KRAKATAU.ID, PALEMBANG – Bukit Siguntang merupakan salah satu situs sejarah sekaligus kawasan religi yang hingga kini masih dijaga kelestariannya di tengah Kota Palembang. Bukit ini tidak hanya menyimpan jejak sejarah Kerajaan Sriwijaya, tetapi juga menjadi tempat ziarah lintas agama.
Sulaiman (52), juru kunci kawasan Cagar Budaya Bukit Siguntang, menjelaskan bahwa nama Bukit Siguntang berasal dari bahasa Palembang.
“Bukit Siguntang, nama ini diambil dari bahasa bukit yang terombang-ambing atau terapung atau pulau yang pertama timbul. Dalam bahasa Palembang disebut bukit yang terguntang-guntang,” ujarnya saat ditemui Krakatau.id, 8 Januari 2026.
Menurut Sulaiman, secara geologis bukit ini diperkirakan sudah ada sejak sebelum masehi. Namun, makam-makam yang ada di kawasan tersebut baru diperkirakan berasal dari tahun 1415. “Kalau bukitnya sudah dari sebelum masehi. Luasnya sekitar 14 hektare,” jelasnya.
Bukit Siguntang sejak dahulu dianggap sebagai tempat suci oleh berbagai umat beragama. Hal ini dibuktikan dengan beragam aktivitas keagamaan yang rutin dilakukan di kawasan tersebut.
“Yang ziarah ke sini bukan hanya umat Islam, tapi juga Hindu, Buddha, Konghucu, bahkan agama kepercayaan,” kata Sulaiman.
“Untuk umat Buddha, perayaan Waisak rutin digelar setiap bulan Mei dan diikuti sekitar 1.500 jemaah. Para biksu datang dari berbagai negara seperti Tibet, Thailand, Kamboja, Tiongkok, serta dari Palembang,” kata dia.
“Sementara itu, umat Hindu kerap menggelar kirab keagamaan yang dimulai dari Bukit Siguntang dan berakhir kembali di lokasi yang sama. Umat Islam juga banyak melakukan ziarah kubro, terutama menjelang bulan Ramadan, yang diikuti ribuan jemaah dari berbagai daerah di Indonesia hingga mancanegara. Sedangkan umat Konghucu biasanya datang saat perayaan Imlek dan Cap Go Meh,” ungkapnya.
“Di sini banyak ziarah, jadi Bukit Siguntang itu dianggap tempat suci oleh seluruh umat beragama,” tegas Sulaiman.

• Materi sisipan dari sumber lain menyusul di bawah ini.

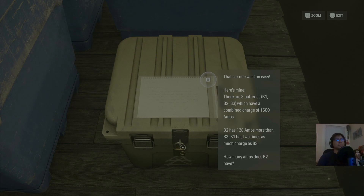Okay, so we're going to call the B's X. So we have X plus X plus X equals 1,600. B2 has 128 amps more than B3. B1 has two times as much charge as B3. So: X1, X2, X3. X1 equals 2 times X3.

Bukit Siguntang sendiri merupakan salah satu situs bersejarah peninggalan Kerajaan Sriwijaya. Hingga kini, kawasan ini masih terawat dan dikelola oleh pemerintah setempat sebagai objek wisata sejarah dan religi.
Secara geografis, Bukit Siguntang merupakan kawasan perbukitan di tengah Kota Palembang dengan ketinggian puncak sekitar 29–30 meter di atas permukaan laut. Lokasinya berada di Kelurahan Bukit Lama, Kecamatan Ilir Barat I, Kota Palembang.

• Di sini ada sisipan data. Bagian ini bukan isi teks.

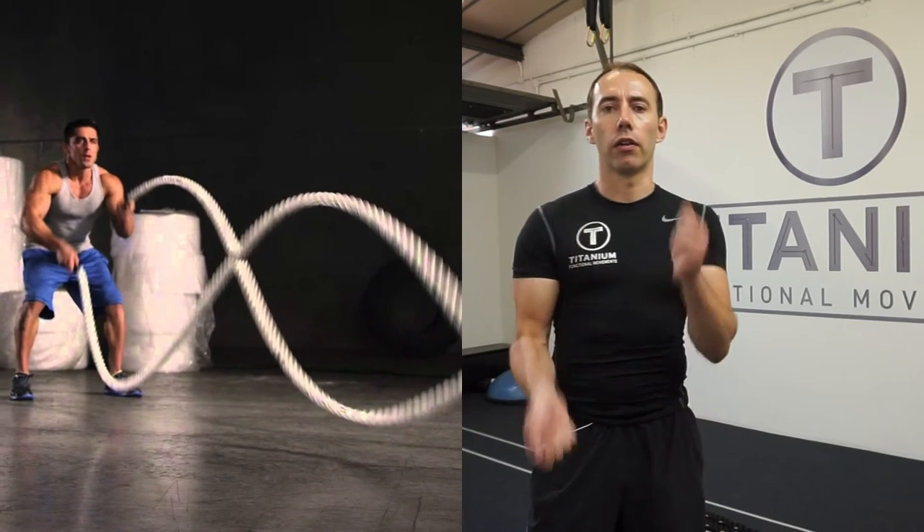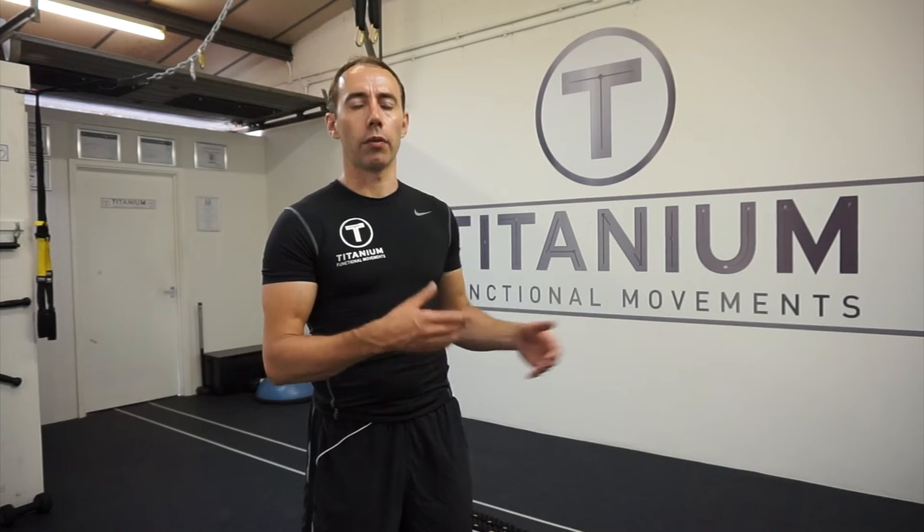I've only just recently started using the battle ropes myself. They have been around in the fitness industry for a long time. You'll find them obviously regularly put into boot camps. The way I personally find I get better effect from the ropes is to deviate from what you possibly see most on a lot of the boot camp exercises, where you get a fast flailing of the arms.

Berdasarkan data dari situs resmi Dinas Pariwisata Kota Palembang, terdapat tujuh makam yang dikaitkan dengan tokoh-tokoh Kerajaan Sriwijaya, yaitu Makam Raja Sigentar Alam, Pangeran Raja Batu Api, Putri Kembang Dadar, Putri Rambut Selako, Panglima Tuan Junjungan, Panglima Bagus Kuning, dan Panglima Bagus Karang. Makam-makam tersebut hingga kini masih sering diziarahi wisatawan.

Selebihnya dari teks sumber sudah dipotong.